**TASK BRIEF**
Output the listing verbatim, leaving out every picture.

**DATA SUPPLIED**

#####

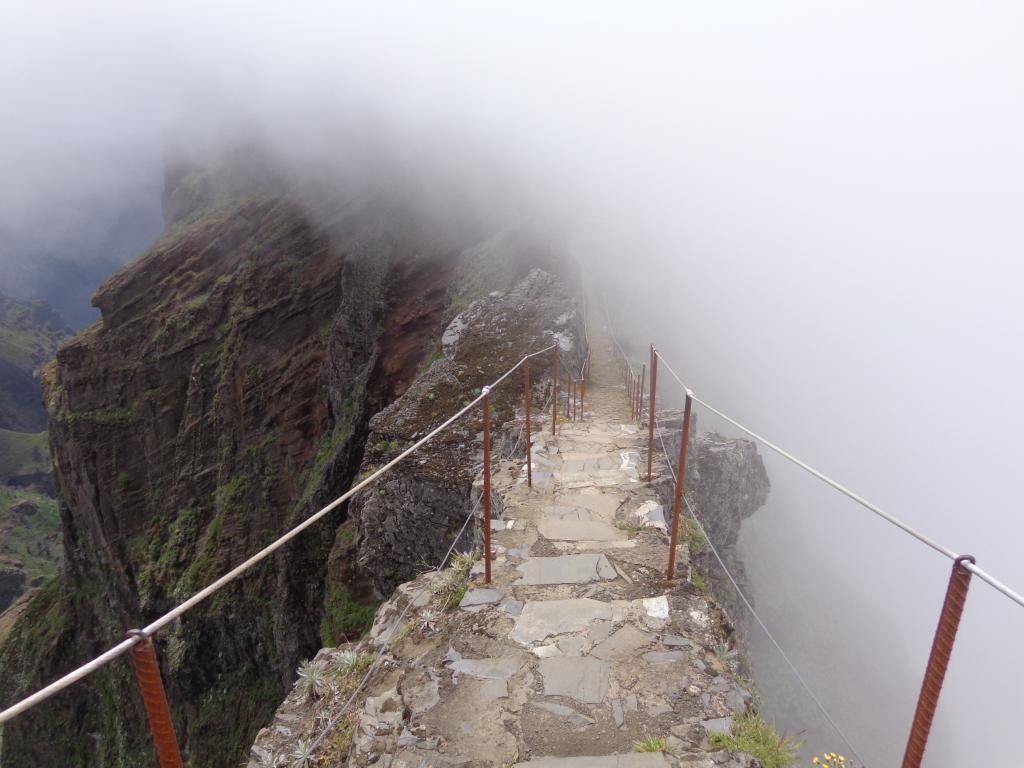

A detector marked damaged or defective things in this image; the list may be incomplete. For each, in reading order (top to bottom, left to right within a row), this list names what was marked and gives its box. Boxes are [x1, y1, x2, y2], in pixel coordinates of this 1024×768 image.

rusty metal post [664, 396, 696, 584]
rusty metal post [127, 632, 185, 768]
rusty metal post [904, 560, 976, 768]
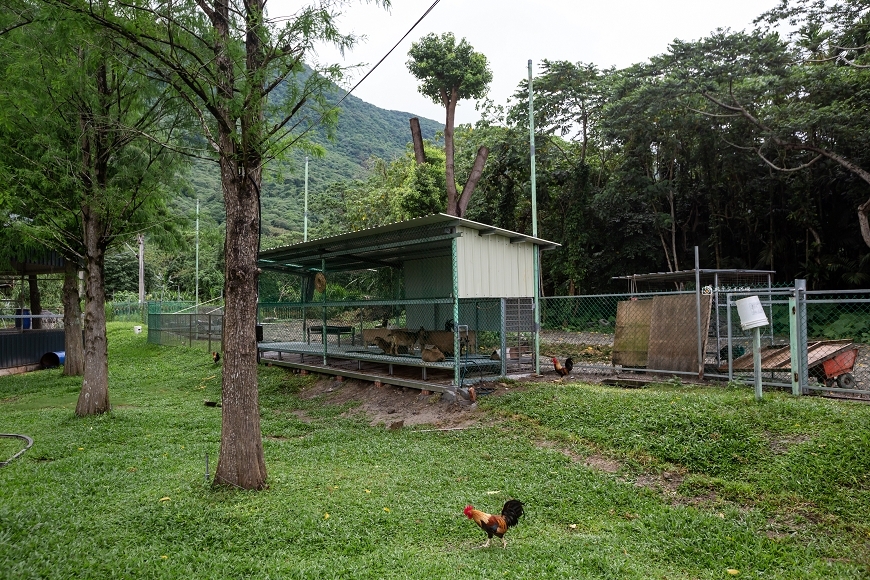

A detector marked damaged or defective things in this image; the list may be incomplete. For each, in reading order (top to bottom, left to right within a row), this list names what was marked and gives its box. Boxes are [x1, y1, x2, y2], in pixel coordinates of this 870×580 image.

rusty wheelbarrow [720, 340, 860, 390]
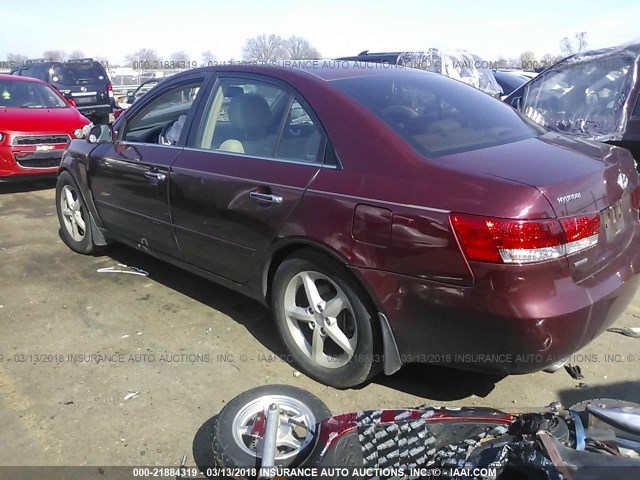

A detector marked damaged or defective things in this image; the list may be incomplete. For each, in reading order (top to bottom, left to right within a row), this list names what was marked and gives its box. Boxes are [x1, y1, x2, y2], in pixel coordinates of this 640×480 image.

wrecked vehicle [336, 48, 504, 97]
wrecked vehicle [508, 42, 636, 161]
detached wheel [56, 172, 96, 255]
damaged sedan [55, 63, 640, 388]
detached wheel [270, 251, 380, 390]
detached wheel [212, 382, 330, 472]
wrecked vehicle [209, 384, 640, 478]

#####

**TASK SOLUTION**
A detector marked damaged or defective things in this image; the list may be incomplete. For each, in reading order (top to bottom, left to right within a row), this list names what was marked and gives its box. Boxes are [x1, y1, x2, y2], in pixel coordinates of this 1024×768 image.

rusty metal post [664, 396, 696, 584]
rusty metal post [127, 632, 185, 768]
rusty metal post [904, 560, 976, 768]

A detector marked damaged or defective things in this image; the list may be incomplete. For each, in reading order (top to bottom, left to right within a row), this list names what was marked and gives its box. Boxes are [x1, y1, x2, y2], in pixel coordinates of this 870×580 image.

rusty wheelbarrow [720, 340, 860, 390]

A detector marked damaged or defective things in this image; the list may be incomplete. For each, in reading order (top to bottom, left to right within a row), this list names what was marked and gives its box. Boxes are [x1, y1, x2, y2], in pixel coordinates of this 640×480 image.

wrecked vehicle [336, 48, 504, 97]
wrecked vehicle [508, 42, 636, 161]
detached wheel [56, 172, 96, 255]
damaged sedan [55, 63, 640, 388]
detached wheel [270, 251, 380, 390]
detached wheel [212, 382, 330, 472]
wrecked vehicle [209, 384, 640, 478]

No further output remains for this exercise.